As a result, abortions of female fetuses are widespread, especially
in rural areas, as parents try to ensure that the one child they
are allowed by law is a boy.
China's gender ratio for newborn babies in 2005 was 118 boys
to 100 girls: compared with 110 to 100 in 2000.
In some regions, the sex ratio has ballooned to 130 boys to 100
girls. That compares with an average for industrialised countries
of between 104 and 107boys for every 100 girls.

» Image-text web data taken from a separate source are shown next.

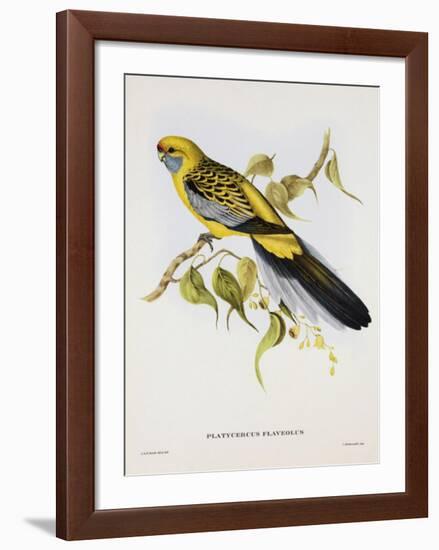 Platycercus Derbianus-Aaron Ashley-Framed Art Print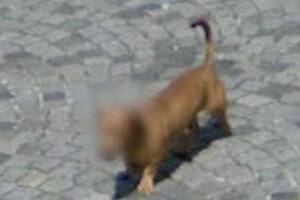 Por qué Google Maps comenzó a blurear la cara de los perros en Street View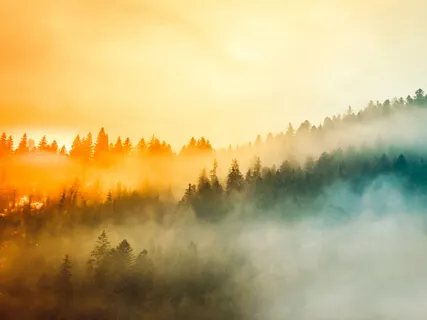 Miracle Series 4: Shifting The Inner Self Image To Be Divine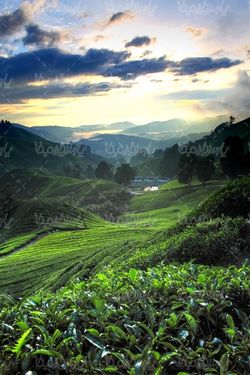 tea farm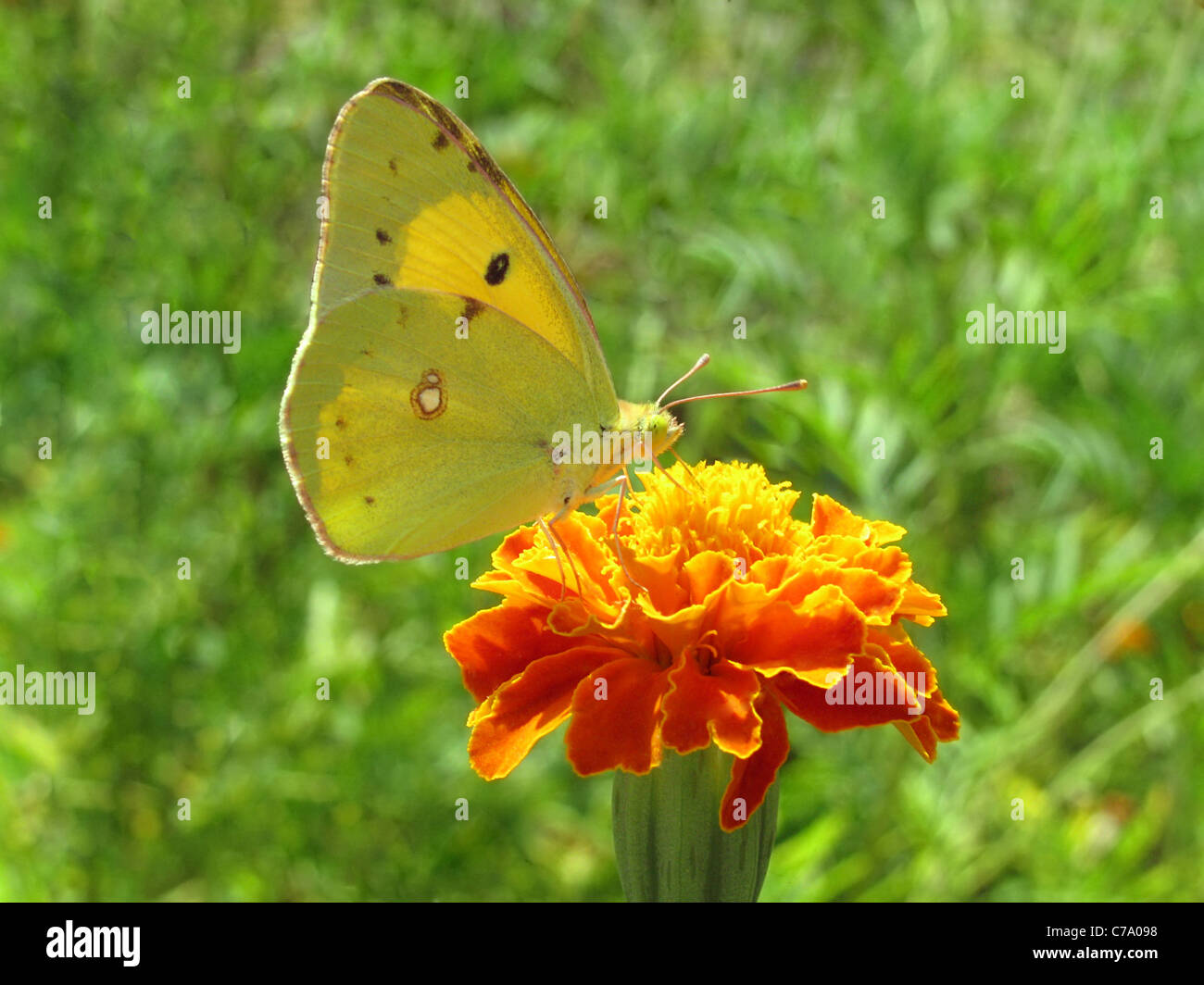 yellow butterfly (brimstone) on flower (marigold) Stock Photo
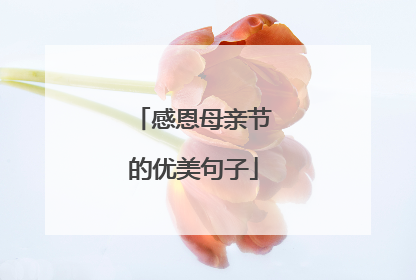 感恩母亲节的优美句子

Tradition favours boys over girls, because men are seen as the
main family breadwinner and in China only a son can carry on the
family line. Daughters are expected to leave the home and become
members of their husband's family.
Anxious government officials have launched a country campaign,
painting slogans on walls of village houses that exhort parents
to value their daughters: "Having a daughter is as good as
having a son."
The population report said: "We need to develop a 'movement
to embrace girls' ... and contain the trend towards greater gender
imbalances."
Chinese officials have given no clues as to how they plan to
find wives for the battalions of bachelors now growing up in Chinese
schools.
However, the kidnapping of baby girls is becoming increasingly
common as families seek a future bride for their only son.
Trade in women is also a problem in many rural areas where poor
farmers are unable to attract a bride.
The Government is not yet ready to loosen its birth control policies
and demonstrates pride in its achievement of preventing 400 million
births through its one-child policy.
The authorities are instead promoting measures to curb the adoption
of babies - almost all of whom are girls - by foreigners to ensure
that they grow up in China.
The number of people of working age - between 15 and 64 - will
increase from 860 million in 2000 to 1.01 billion in 2016, according
to the report. That is more than the total in the world's developed
nations.
In the next 20 years, up to 300 million people will leave their
farms and move to towns and cities. The report said: "Our
country is currently experiencing the largest human movement and
migration in history."
China is having to cope with becoming the world's first country
to grow old before it grows rich. The number of people older than
60 will jump from the current 143million to 430million by 2040.